# Vikings



## Sheilawisz (Sep 14, 2013)

I have been watching every episode of the Canadian/Irish TV series _Vikings_, which is filmed in Ireland and has been produced for The History Channel.

You can watch the Trailer here:

[video=youtube_share;XQFQN3-Pm8E]http://youtu.be/XQFQN3-Pm8E[/video]

The series tells the story of real world Viking legend Ragnar Lodbrok, also describing his family and friends. I have not finished watching the first season yet, and I am happy to hear that the series has been renewed for a second season.

I recommend _Vikings_ a lot, especially if you like Historical fiction stuff =)


----------



## senseiseth (Sep 14, 2013)

You love Vikings too! That show is awesome. Better than some of the others things I've seen recently.


----------



## Ophiucha (Sep 15, 2013)

I thought it was pretty good. I love George Blagden, who plays Athelstan (the monk), and the family dynamics with Lagertha, Ragnar, and Bjorn were excellent. Plus, I just love vikings in general. Wasn't a fan of the finale, but hopefully they bring things back together for season 2.


----------



## senseiseth (Sep 15, 2013)

Same here, there just didn't seem to have any really resonating with that end. Then again, maybe the writers thought things weren't going to go into season two, so they figured to play it safe? Who knows?

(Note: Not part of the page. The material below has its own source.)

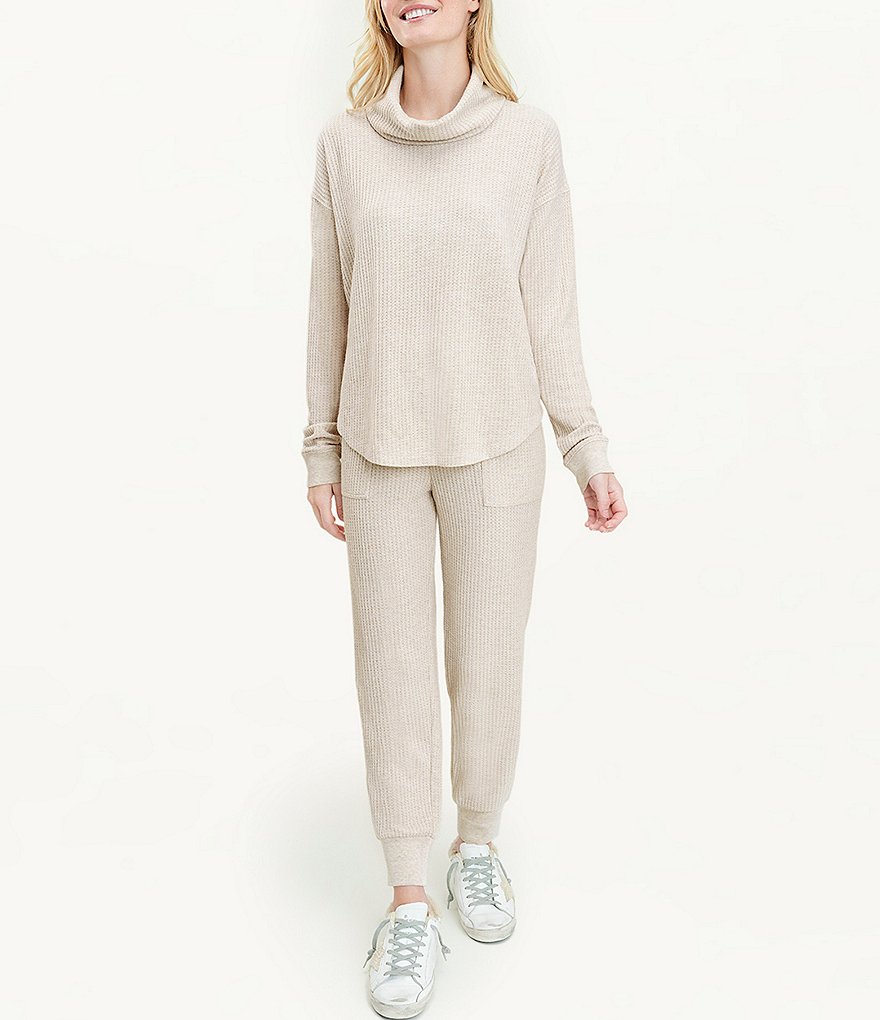 Splendid Knit Firestone Cowl Neck Coordinating Sweatshirt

But from the looks of the sneak peek, things look like they'll be coming to a head.


----------



## Sheilawisz (Sep 16, 2013)

I love Athelstan too, he is my favorite character of the series followed by Lagertha and Floki.

You have made me curious about the finale of the first season, but please, don't spoil it for me. I want to see what happens with Athelstan in the end... A part of me whishes that he returns home in England, but it would also be good if he stayed to live with Ragnar and his family.

I know that the series suffers from some historical inaccuracies, but I love it anyway.


----------